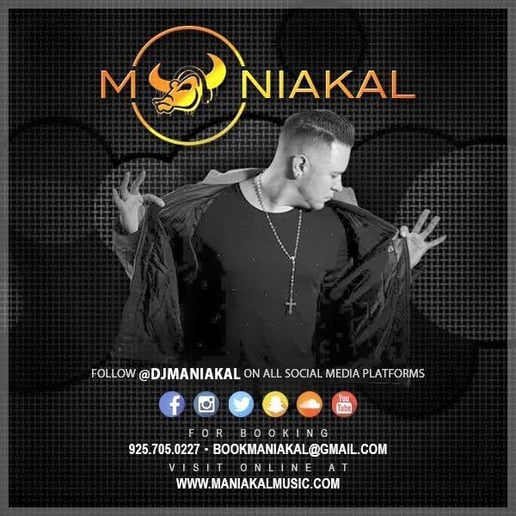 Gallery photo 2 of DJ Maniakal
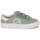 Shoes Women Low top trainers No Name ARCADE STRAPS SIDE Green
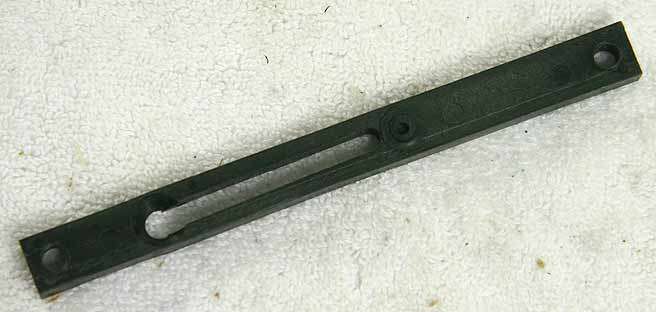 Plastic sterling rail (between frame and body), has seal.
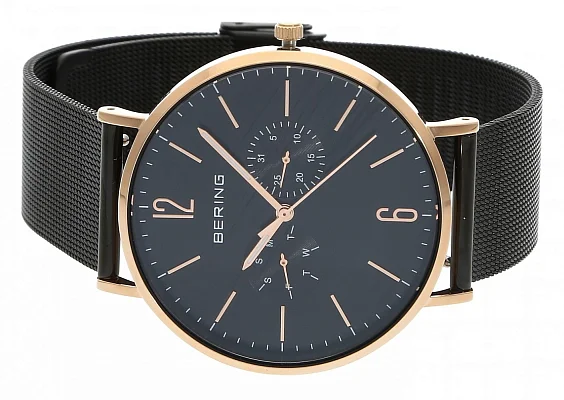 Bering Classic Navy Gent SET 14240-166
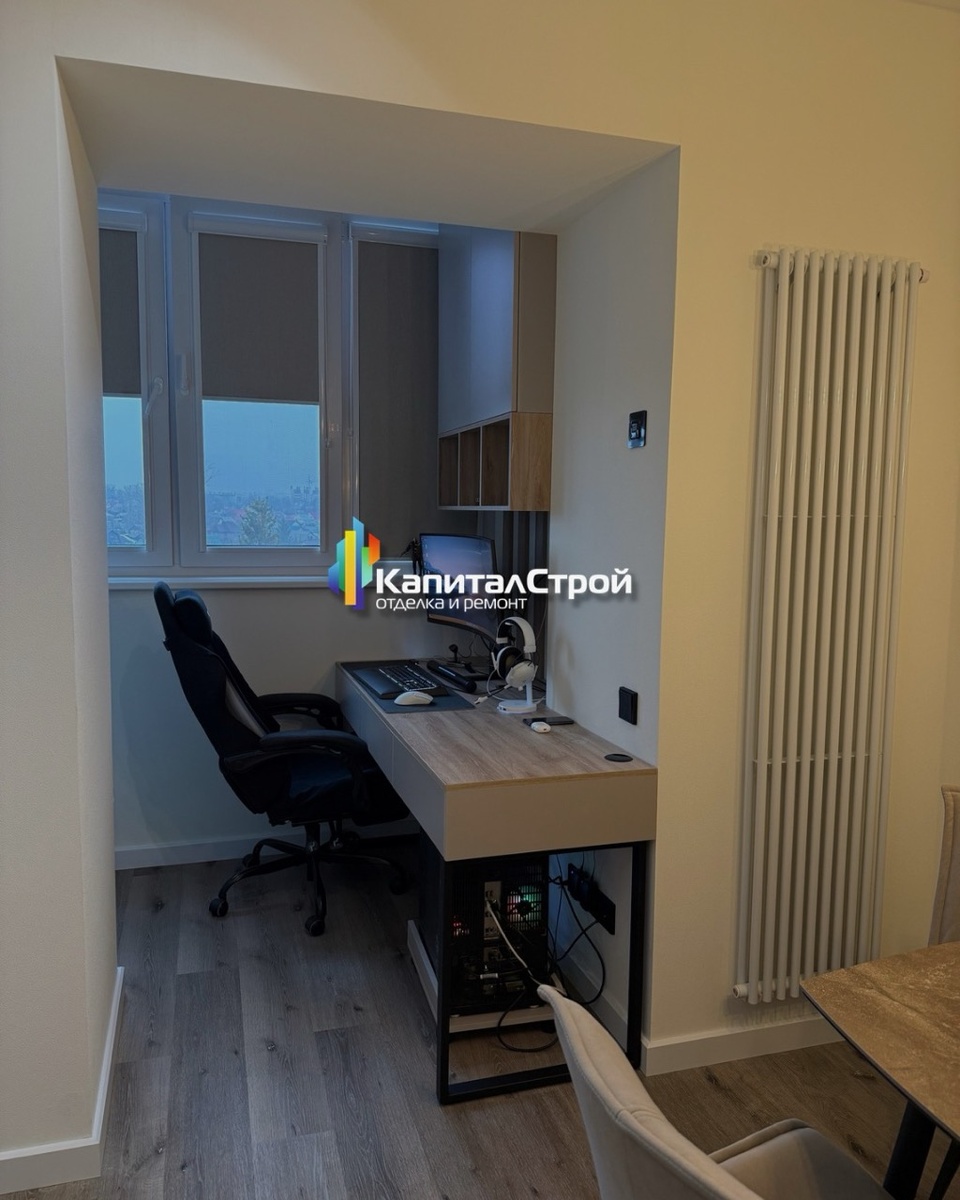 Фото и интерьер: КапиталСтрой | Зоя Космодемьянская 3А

## INSTRUCTIONS TO FOLLOW
Send back every line above exactly, skipping all pictures.

## RESULT OF THE EXERCISE
 Gallery photo 2 of DJ Maniakal
 Shoes Women Low top trainers No Name ARCADE STRAPS SIDE Green
 Plastic sterling rail (between frame and body), has seal.
 Bering Classic Navy Gent SET 14240-166
 Фото и интерьер: КапиталСтрой | Зоя Космодемьянская 3А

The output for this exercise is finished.